Shady gardening practices
Tomatoes are so versatile and essential to the way I cook that they always get the coveted, prime sunshine spots in the garden. Of course, I should mention that the coveted, prime sunshine spots in my shady garden probably get the bare minimum amount of six hours of sunshine required for most garden veggies.
Since I killed half of them while they were trying to establish themselves (or at least allowed them to be cruelly devoured by something), over half of my tomato plants are newcomers, thanks to my mom's generous donation of tomato plants over the 4th of July, which is pretty evident by the size of the plants on this trellis. Notice only two plants are halfway up the trellis while three others don't even reach the bottom of the netting.

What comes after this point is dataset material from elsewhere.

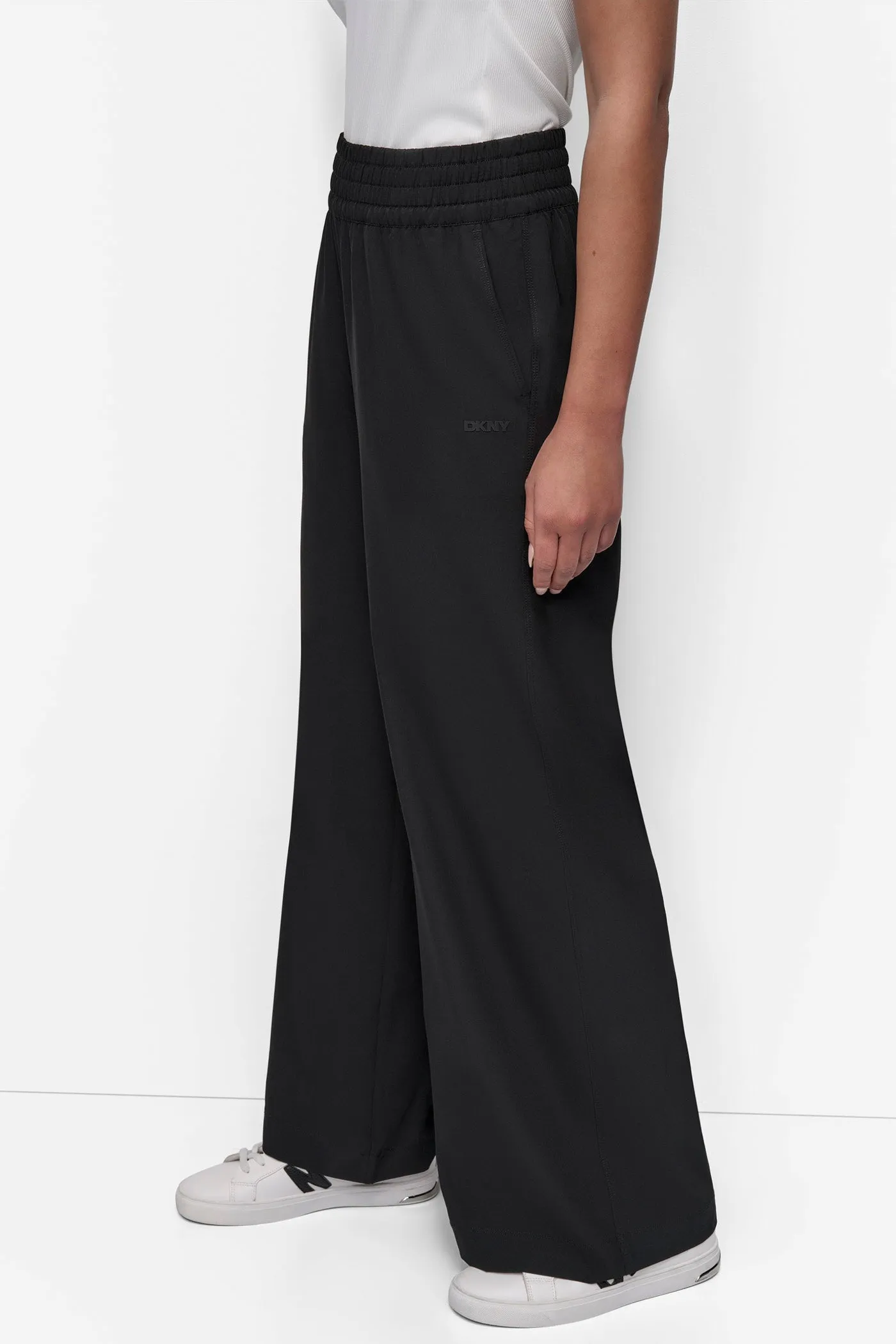 HUDSON STRETCH HIGH RISE WIDE LEG PANT WITH POCKET sold by DKNY product image thumbnail 3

Most of the transplants are looking pretty good, thanks to the rain we've had in the last week and a half. This one is on my sunniest trellis, showing very little trauma from its recent relocation.
The amaranth, which I decided to let live because of it's unusual appearance, is looking fine, too.
I've also got tomatoes in traditional cages, although I tried to beef up my flimsy cages by putting pounding rebar or wooden stakes into the ground to help keep the cage upright when the plant gets enormous. Even though my tomatoes are slow to grow and produce, I know that by next month, this plant will be overflowing its cage.
After years of losing the first few tomatoes to blossom end rot, I decided to follow the advice of the CSU extension office and mulch with straw around all of my plants. So far, the green tomatoes are showing no signs of blossom end rot, but it usually doesn't show up until the tomato is ripening and I still haven't had a ripe tomato from my shade garden yet!